* WORK TO BE COMPLETED
Look below for the line containing "VTG PORTABLE Soundesign" and the line containing "Luxury 4 Bedroom", then set down both and every line between them exactly, without pictures.

* RAW DATA
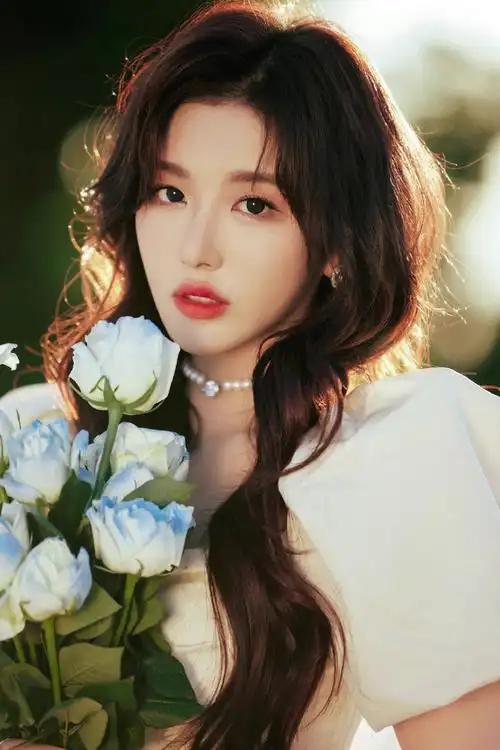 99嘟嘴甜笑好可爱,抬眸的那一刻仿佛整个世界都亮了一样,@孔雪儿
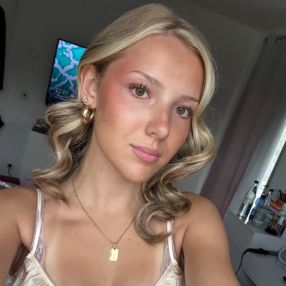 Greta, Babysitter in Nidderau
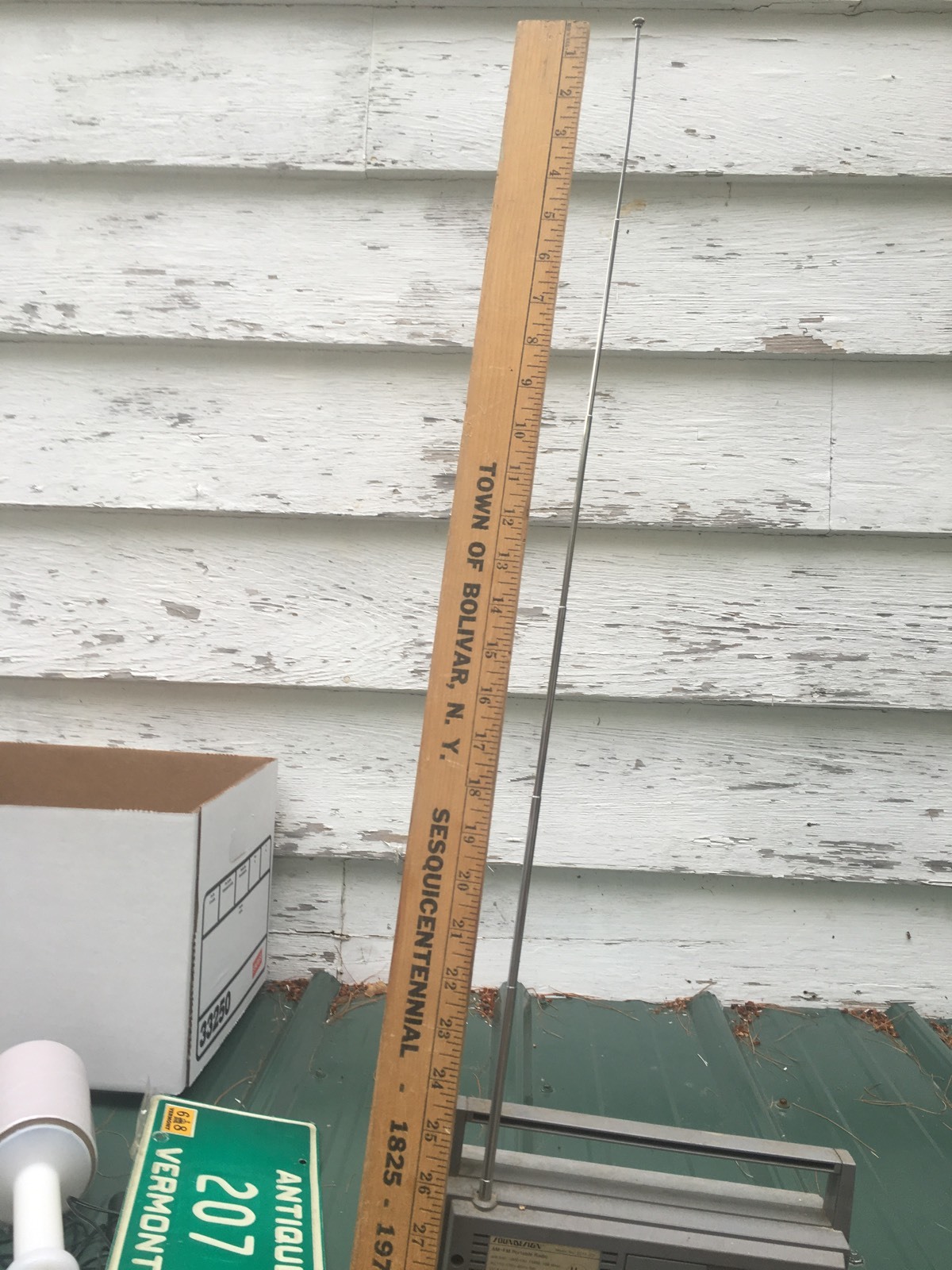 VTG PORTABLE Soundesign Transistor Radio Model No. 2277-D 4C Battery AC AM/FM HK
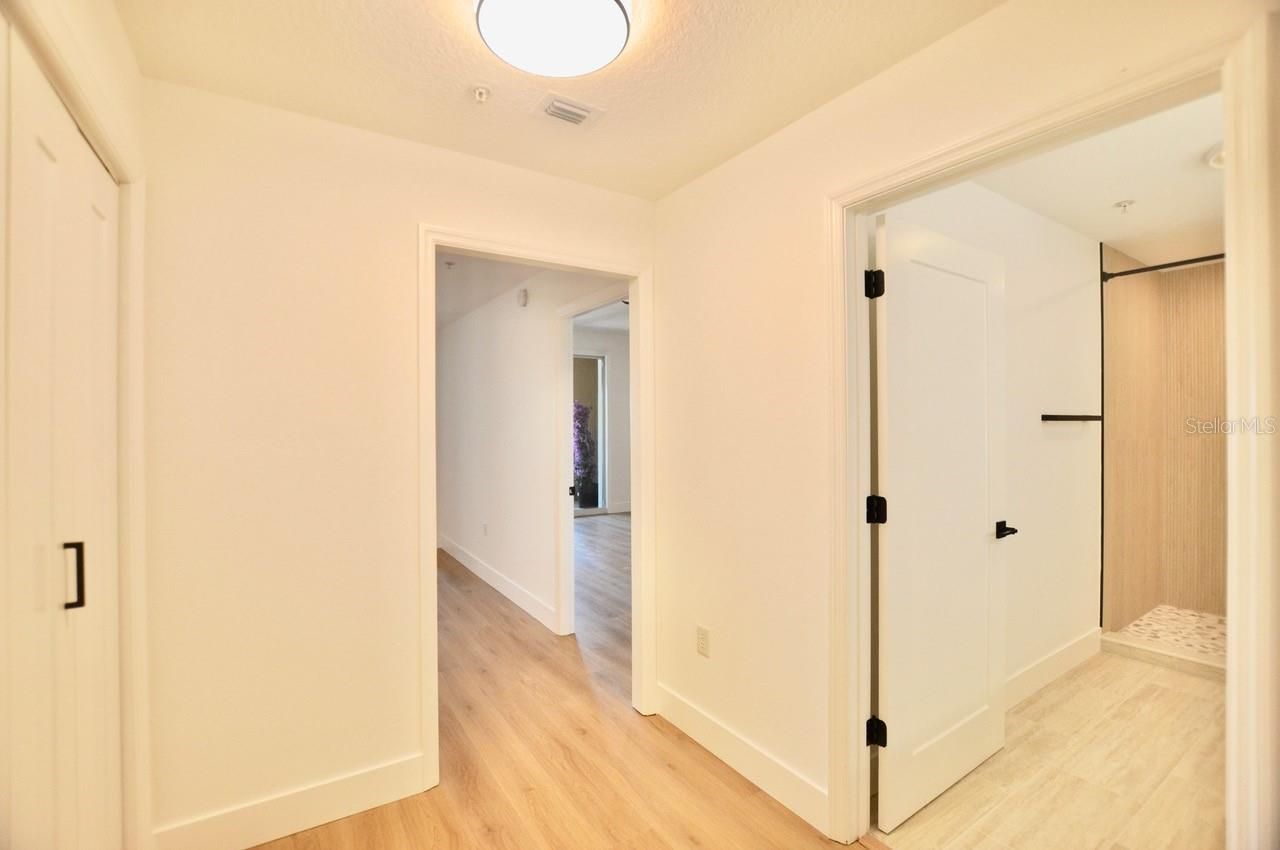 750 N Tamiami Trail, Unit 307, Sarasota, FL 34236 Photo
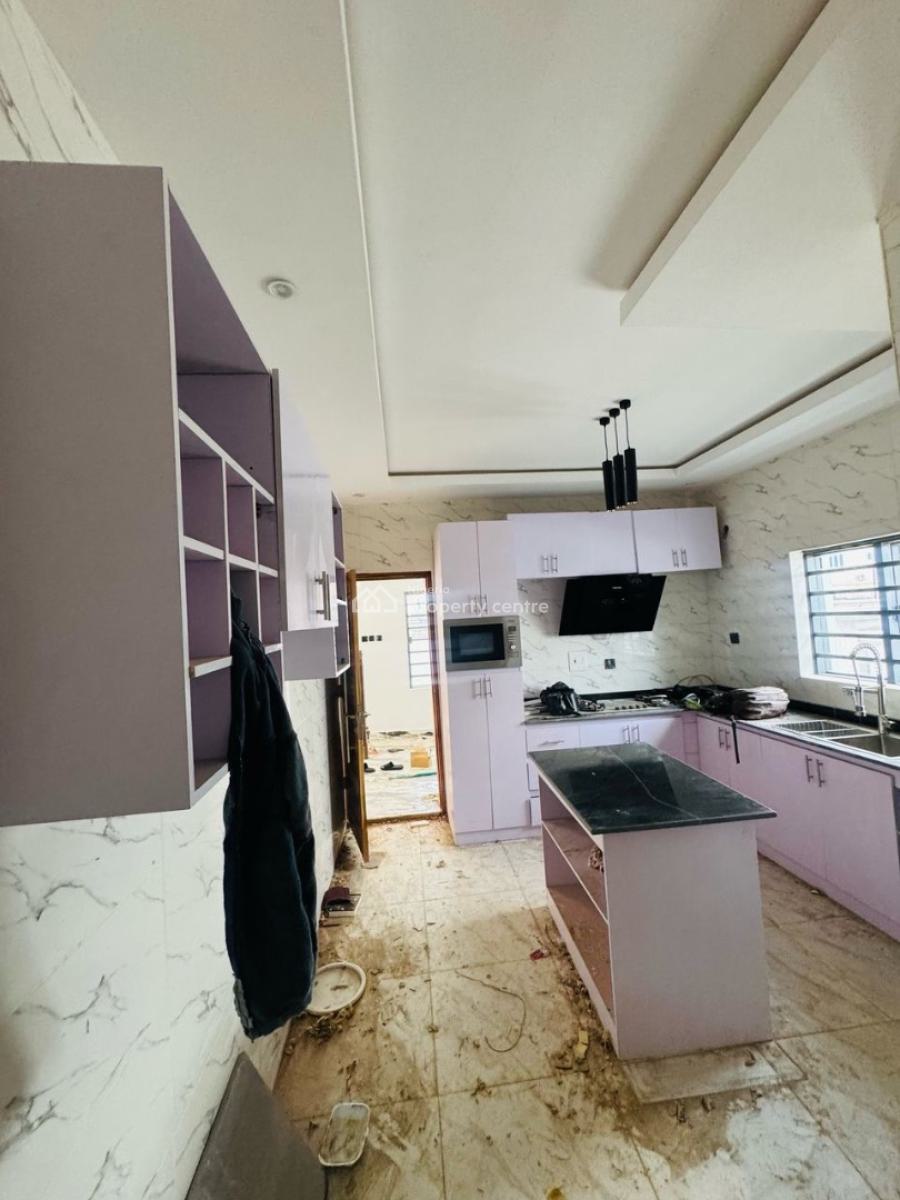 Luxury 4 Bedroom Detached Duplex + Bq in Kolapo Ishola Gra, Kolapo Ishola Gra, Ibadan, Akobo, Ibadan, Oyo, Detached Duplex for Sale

---

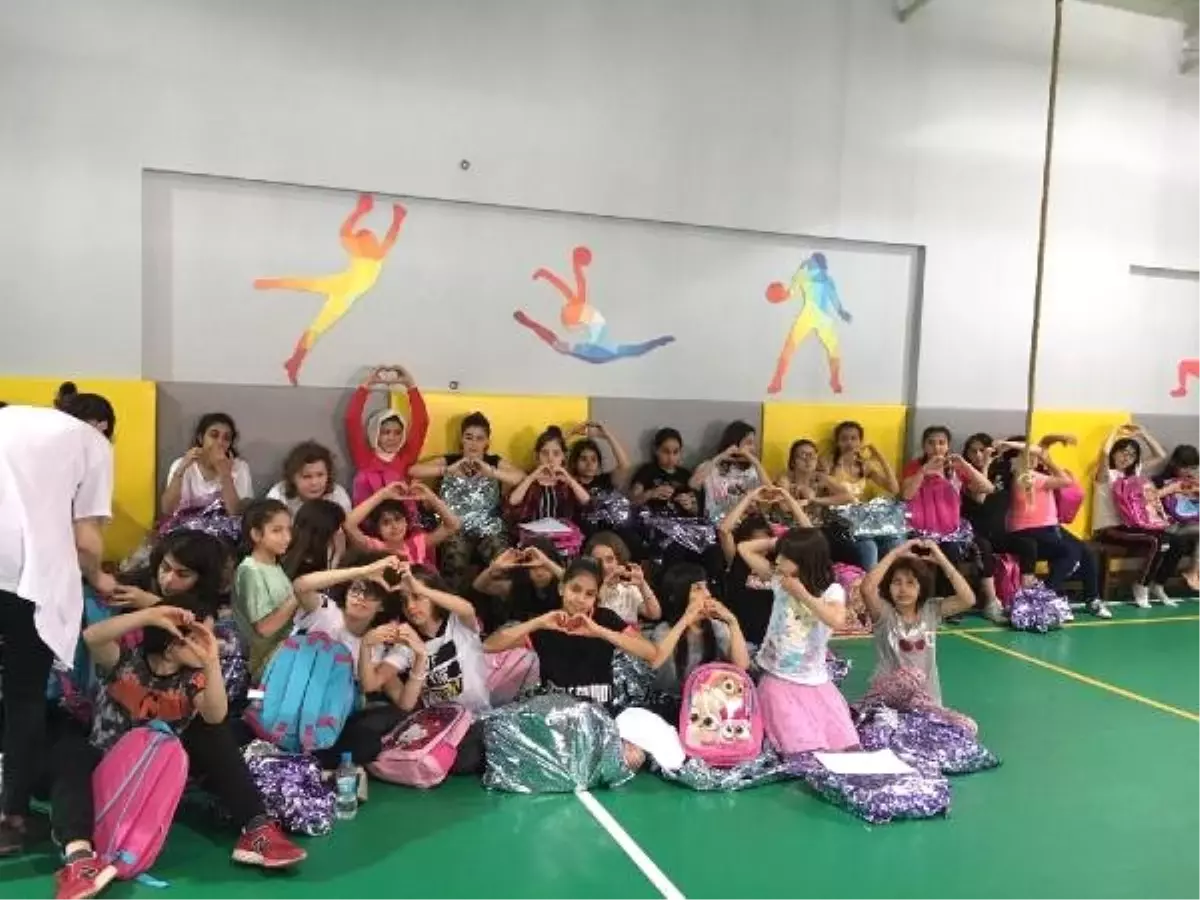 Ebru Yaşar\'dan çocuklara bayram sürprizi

...

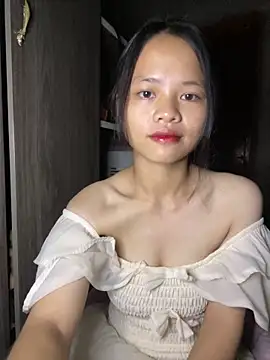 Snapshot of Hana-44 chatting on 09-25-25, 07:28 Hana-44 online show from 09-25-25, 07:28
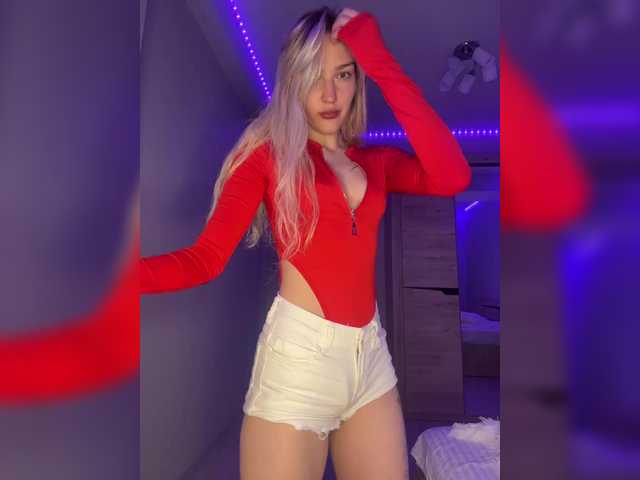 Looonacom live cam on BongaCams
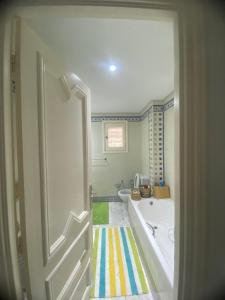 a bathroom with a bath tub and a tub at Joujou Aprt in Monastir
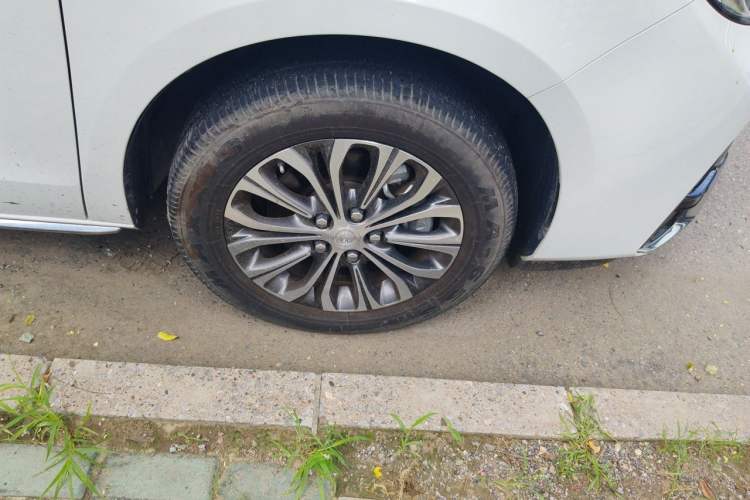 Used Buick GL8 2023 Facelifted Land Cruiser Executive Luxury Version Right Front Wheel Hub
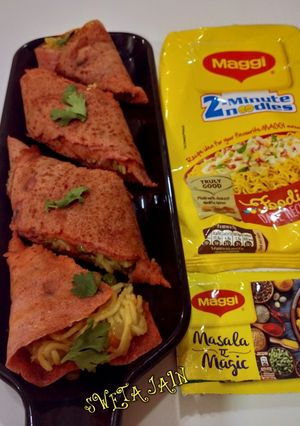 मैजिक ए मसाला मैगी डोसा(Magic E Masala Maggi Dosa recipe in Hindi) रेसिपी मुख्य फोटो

* RESPONSE BOX
 VTG PORTABLE Soundesign Transistor Radio Model No. 2277-D 4C Battery AC AM/FM HK
 750 N Tamiami Trail, Unit 307, Sarasota, FL 34236 Photo
 Luxury 4 Bedroom Detached Duplex + Bq in Kolapo Ishola Gra, Kolapo Ishola Gra, Ibadan, Akobo, Ibadan, Oyo, Detached Duplex for Sale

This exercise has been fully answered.